● What this task involves
What you copy should be the lines from the one with "Mujer enfrenta a" through the end of the entries, word for word. Omit the pictures.

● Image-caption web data

===============

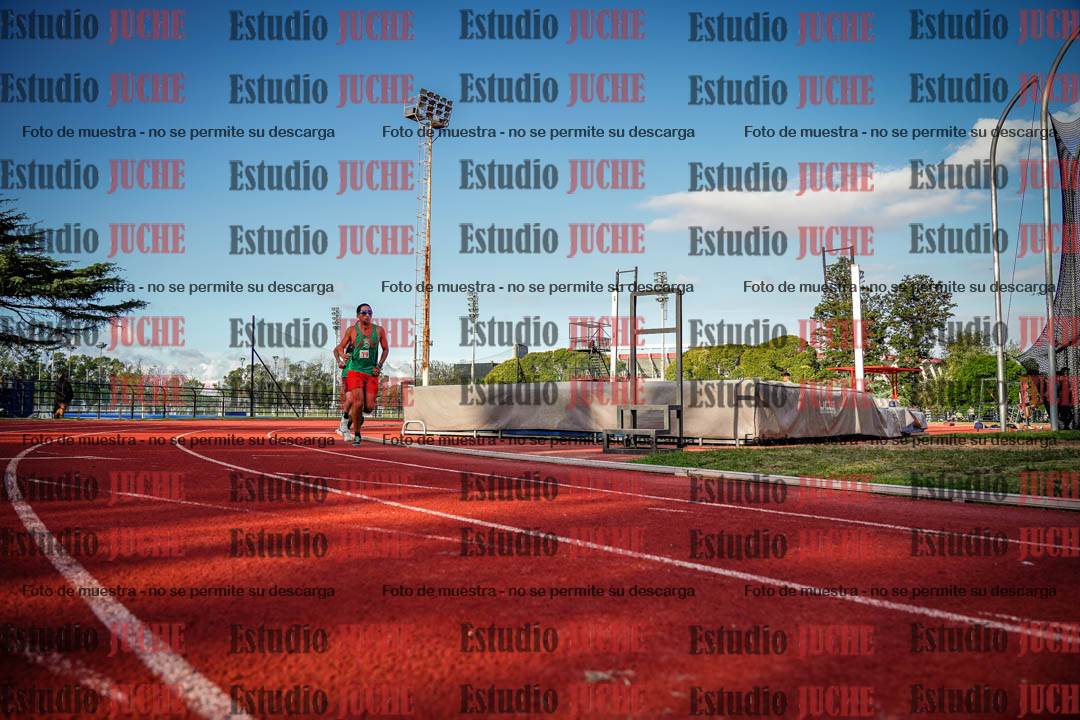 Fotos de los 3000 m llanos de varones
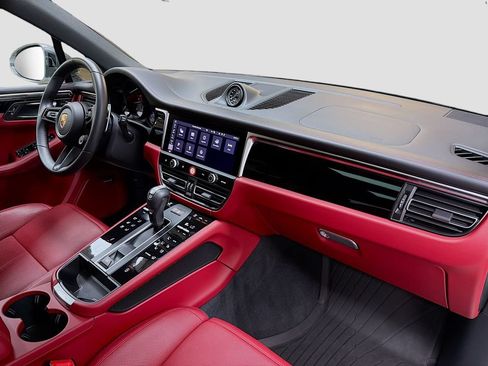 Certified 2025 Porsche Macan Turbo AWD/4WD image 31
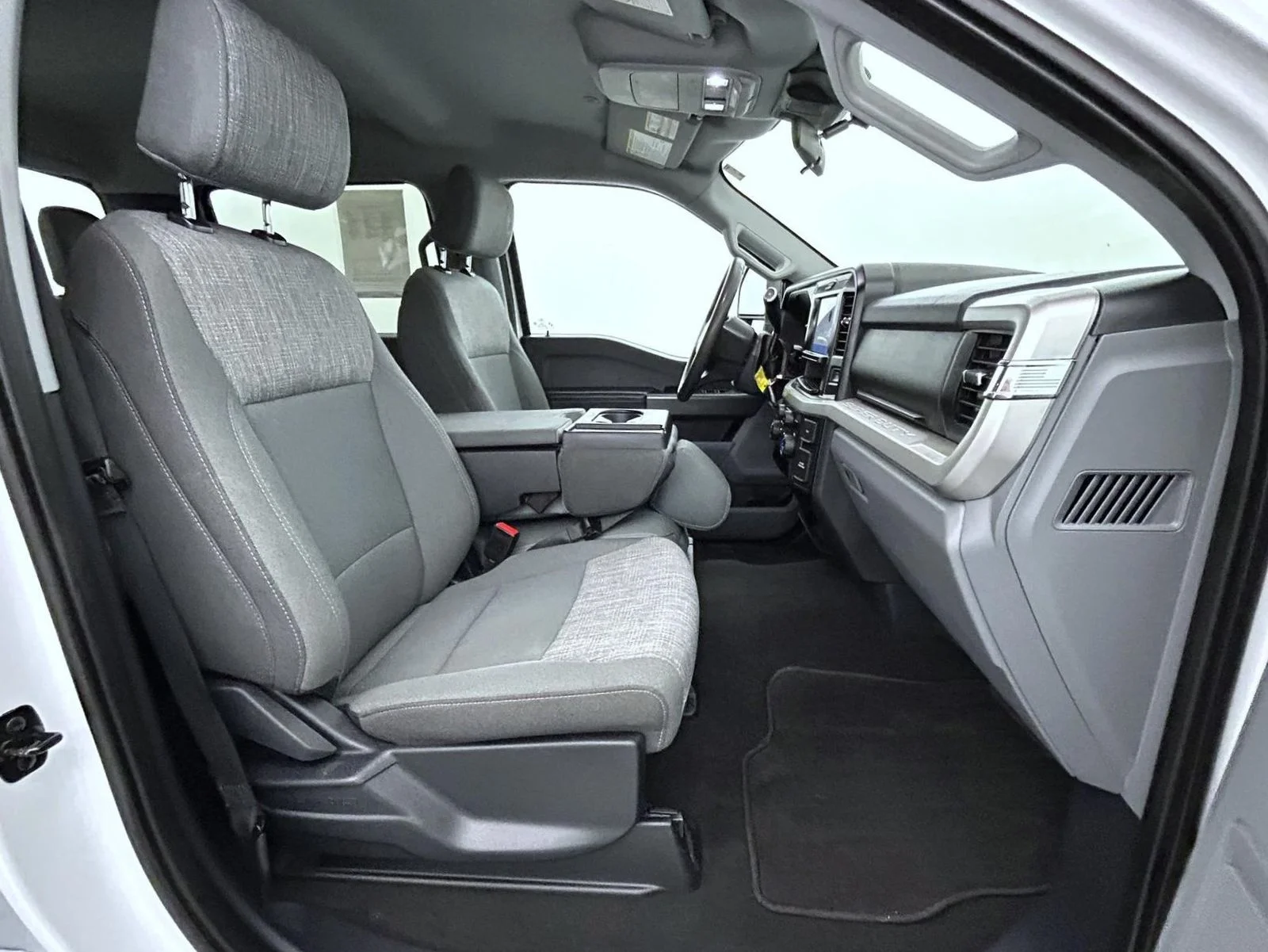 Used 2025 White Ford XLT image 15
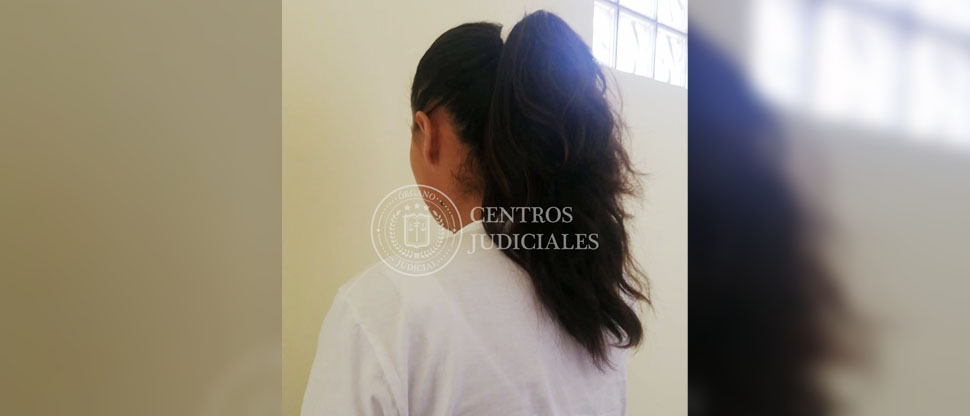 Mujer enfrenta a la justicia tras abusar de un jovencito de 15 años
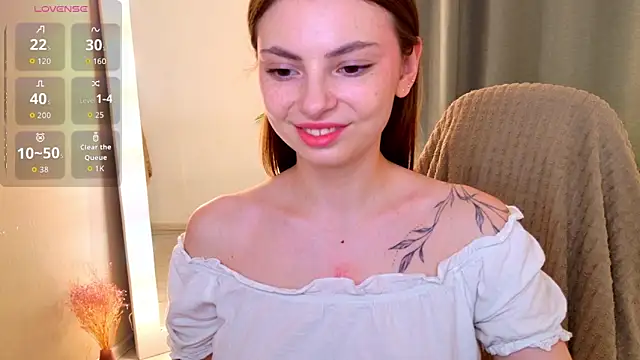 PhantomLace online show from October 5, 1:42 pm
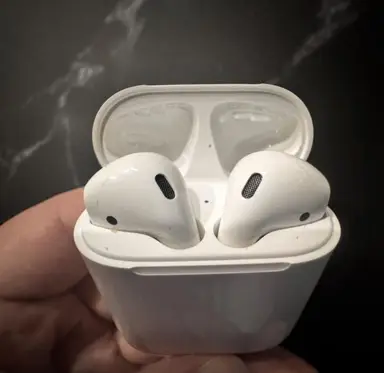 Наушники и гарнитуры / Apple AirPods / Вкладыши (TWS/проводные)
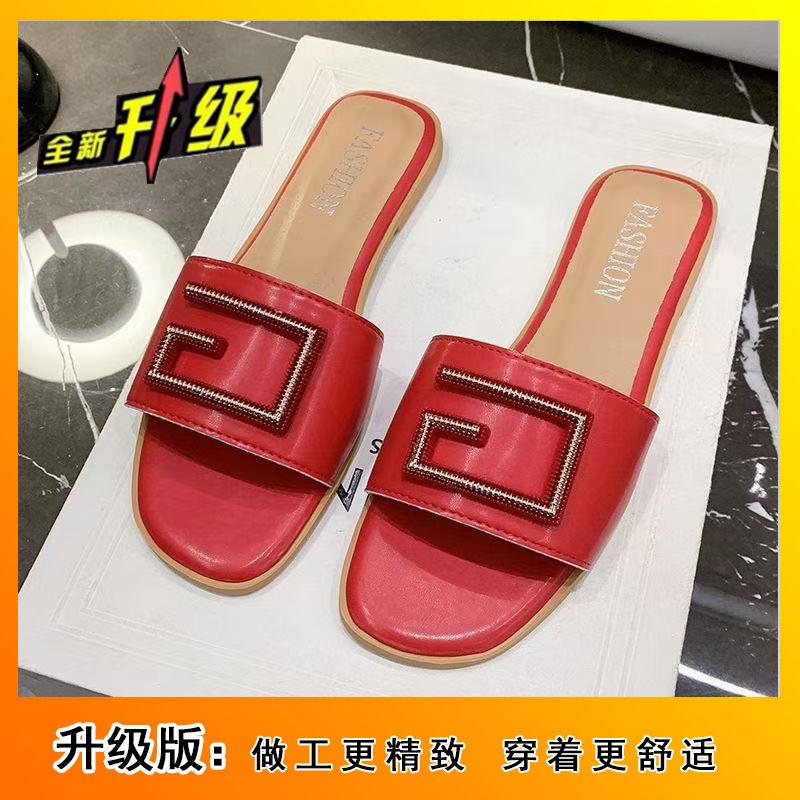 Platform Slippers Female 2025 Summer Wear Word with Fairy Style Fashion Versatile Internet Celebrity Flat Sandals Dopamine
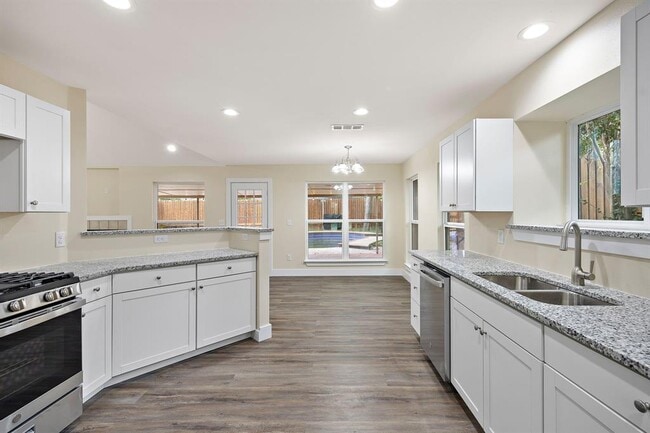 Building Photo - 507 Deercreek Ln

===============

● Answer box
 Mujer enfrenta a la justicia tras abusar de un jovencito de 15 años
 PhantomLace online show from October 5, 1:42 pm
 Наушники и гарнитуры / Apple AirPods / Вкладыши (TWS/проводные)
 Platform Slippers Female 2025 Summer Wear Word with Fairy Style Fashion Versatile Internet Celebrity Flat Sandals Dopamine
 Building Photo - 507 Deercreek Ln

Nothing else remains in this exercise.